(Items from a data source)
---*---

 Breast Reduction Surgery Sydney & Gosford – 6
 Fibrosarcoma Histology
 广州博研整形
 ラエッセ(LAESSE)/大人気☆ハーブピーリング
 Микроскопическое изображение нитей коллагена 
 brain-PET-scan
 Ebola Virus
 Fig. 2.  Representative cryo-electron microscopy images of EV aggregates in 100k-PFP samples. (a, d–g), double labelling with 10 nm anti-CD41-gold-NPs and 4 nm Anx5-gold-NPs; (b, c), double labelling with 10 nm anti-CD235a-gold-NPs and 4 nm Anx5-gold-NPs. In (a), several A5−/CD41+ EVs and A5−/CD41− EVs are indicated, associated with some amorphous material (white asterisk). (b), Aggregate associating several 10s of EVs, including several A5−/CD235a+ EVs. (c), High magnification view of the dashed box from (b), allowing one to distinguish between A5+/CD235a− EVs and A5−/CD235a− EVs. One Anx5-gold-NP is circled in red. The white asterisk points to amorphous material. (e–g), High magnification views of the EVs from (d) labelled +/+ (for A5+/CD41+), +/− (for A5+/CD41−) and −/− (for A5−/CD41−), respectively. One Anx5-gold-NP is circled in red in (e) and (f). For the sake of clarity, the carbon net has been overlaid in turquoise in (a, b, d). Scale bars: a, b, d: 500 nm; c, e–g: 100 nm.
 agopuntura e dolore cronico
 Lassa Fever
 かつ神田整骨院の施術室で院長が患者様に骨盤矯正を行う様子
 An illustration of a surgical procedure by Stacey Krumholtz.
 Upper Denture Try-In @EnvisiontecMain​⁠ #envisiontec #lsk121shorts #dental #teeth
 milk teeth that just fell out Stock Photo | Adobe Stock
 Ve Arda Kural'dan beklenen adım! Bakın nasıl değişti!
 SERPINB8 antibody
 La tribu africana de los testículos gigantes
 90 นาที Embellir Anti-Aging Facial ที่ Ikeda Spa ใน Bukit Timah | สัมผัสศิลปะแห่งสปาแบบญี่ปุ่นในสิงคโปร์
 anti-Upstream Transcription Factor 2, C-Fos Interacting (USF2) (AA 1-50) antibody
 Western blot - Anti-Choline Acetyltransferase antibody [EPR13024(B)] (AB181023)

---*---

§ YOUR TASK
Retype exactly the lines of the data above, starting at its first line and finishing with the line that has "Ebola Virus" in it.

§ RESULT OF THIS TASK
 Breast Reduction Surgery Sydney & Gosford – 6
 Fibrosarcoma Histology
 广州博研整形
 ラエッセ(LAESSE)/大人気☆ハーブピーリング
 Микроскопическое изображение нитей коллагена 
 brain-PET-scan
 Ebola Virus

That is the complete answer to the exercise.